While reading from a site a read that you can not make a global variable of type register.Why is it so? source: http://publib.boulder.ibm.com/infocenter/lnxpcomp/v8v101/index.js
The register keyword has a different meaning than what its name seems to indicate, nowadays it has not much to do with a register of the processing environment. (Although it probably once was chosen for this.) The only text that constrains the use of a variable that is declared with register is this
The operand of the unary & operator shall be either a function designator, the result of a [] or unary * operator, or an lvalue that designates an object that is not a bit-field and is not declared with the register storage-class specifier
So it implements a restriction to automatic variables (those that you declare in a function) such that it is an error to take the address of such a variable. The idea then is that the compiler may represent this variable in whatever way pleases, as a register or as an immediate assembler value etc. You as a programmer promise that you wouldn't take an address of it. Usually this makes not much sense for global variables (they have an address, anyhow).
To summarize:
register keyword is not
ignored.In theory, you could allocate a processor register to a global scope variable - that register would simply have to remain allocated to that variable for the whole life of the program.
However, C compilers don't generally get to see the entire program during the compile phase - the C standard was written so that each translation unit (roughly corresponding to each .c file) could be compiled independently of the others (with the compiled objects later linked into a program). This is why global scope register variables aren't allowed - when the compiler is compiling b.c, it has no way to know that there was a global variable allocated to a register in a.c (and that therefore functions in b.c must preserve the value in that register).

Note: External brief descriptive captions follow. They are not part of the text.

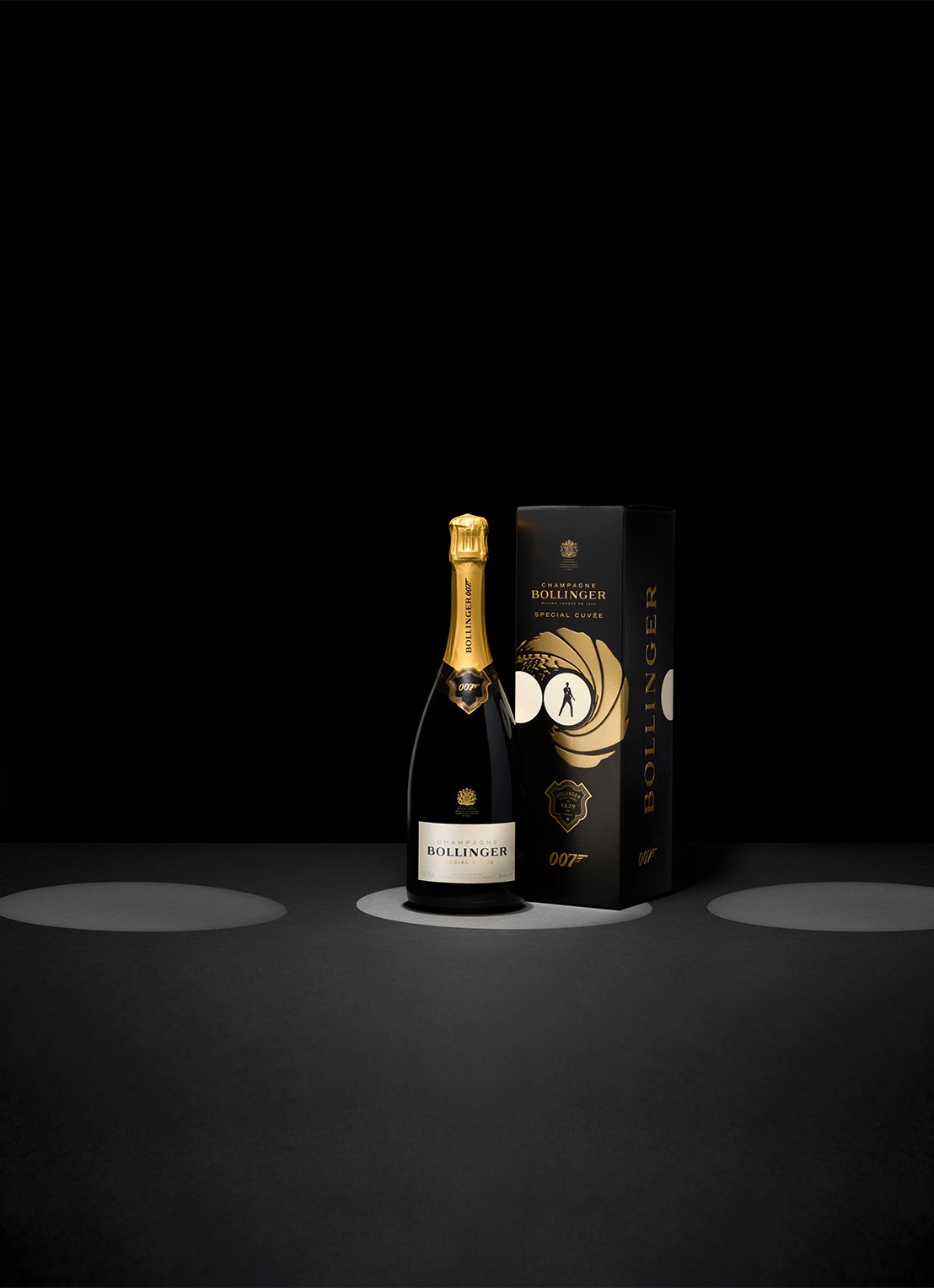 Bollinger Special Cuvée 007 Brut champagne 750 ml - Limited Edition - voorkant 3 undefined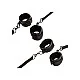 Boundless Bed Restraint - Zwart van het merk Boundless - Bondage Sets - online bestellen bij Masculum.nl. De discrete online seks-toys en erotisch heren ondergoed winkel voor gay & hetero mannen.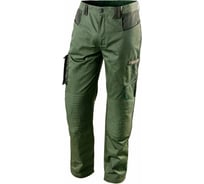 Рабочие брюки NEO Tools цвет оливковый, размер XS 81-222-XS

Some compilers provide a means of dedicating a register permanently to a variable. The register keyword, however, is insufficient. A compiler's decision to allocate the local variables for a routine in registers generally does not require coordination with anything in other source modules (while some development systems do register optimization between routines, it's far more common to simply define the calling convention so that all routines are allowed to freely alter certain registers (so a caller is responsible for saving the contents if they're needed after the function call) but must not alter others (so the called routine is responsible for saving and restoring the contents if the registers are needed in the function). Thus, a linker doesn't need to concern itself with register usage.
Such an approach is fine for local register variables, but useless for global ones. For global register variables to be useful, the programmer must generally tell the compiler which register is to be used for what variable, and make sure that such reservations are known to the compiler when compiling all modules--even those that don't use the register otherwise. This can be useful in embedded systems, especially with variables that are used by interrupts, but there's usually a very limited number (e.g. 2 or so) of such variables allowed in a system.